L'Explication Prémisse
Le « rapport » sert à réintégrer la valeur d’un bien donné dans la masse à partager entre héritiers pour garantir l’égalité. L’article 860 précise comment on calcule cette valeur : normalement on retient la valeur du bien donné au moment du partage, en tenant compte de l’état du bien au moment de la donation. Si le bien a été vendu avant le partage, on prend la valeur qu’il avait au moment de la vente. Si le produit de la vente a servi à acheter un autre bien (subrogation), on tient compte de la valeur de ce nouveau bien au moment du partage en se fondant sur son état au moment de son acquisition. Mais si la dépréciation du bien substitué était inévitable du fait de sa nature au moment de l’achat (par ex. un bien périssable), on ne tient pas compte de la subrogation. Les parties peuvent prévoir autre chose dans l’acte de donation ; si cette clause réduit la valeur à rapporter en dessous de la valeur déterminée selon les règles de l’article 922, la différence constitue un avantage indirect pour le donataire, acquis hors de la part successorale.

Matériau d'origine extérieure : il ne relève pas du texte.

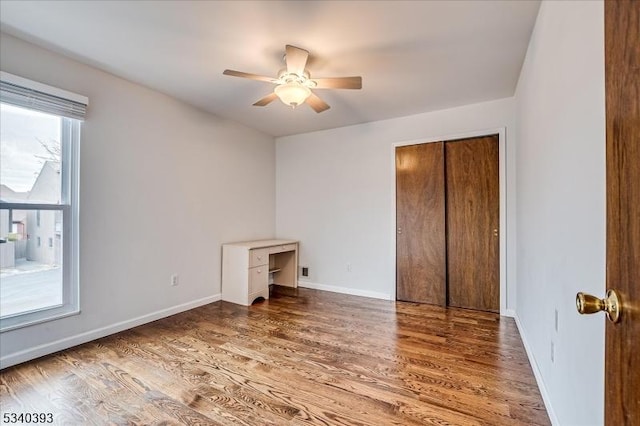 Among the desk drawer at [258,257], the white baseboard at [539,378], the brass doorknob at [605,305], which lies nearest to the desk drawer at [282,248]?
the desk drawer at [258,257]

Mme A fait donation d’un appartement à son fils en 2015. À la donation l’appartement vaut 200 000 €. En 2018 Mme A vend l’appartement 220 000 € et achète avec le produit un autre appartement pour 210 000 €. Le partage successoral a lieu en 2024. Selon l’article 860 : - si l’on applique la subrogation, on prendra soit la valeur au moment de l’aliénation (220 000 €), soit la valeur du bien subrogé évaluée au moment du partage en tenant compte de son état à l’acquisition (valeur de l’appartement acheté en 2018 appréciée au partage) selon la règle applicable ; - si le bien acheté en 2018 était un bien qui, par nature, devait inévitablement se déprécier rapidement au moment de l’achat (par ex. un stock périssable), la subrogation ne serait pas prise en compte et on ne rapporterait pas ce montant. Enfin, si l’acte de donation avait expressément fixé la valeur à rapporter à 150 000 €, et que l’évaluation selon l’article 922 aboutit à une valeur supérieure, la différence serait considérée comme un avantage indirect acquis par le fils en dehors de sa part successorale.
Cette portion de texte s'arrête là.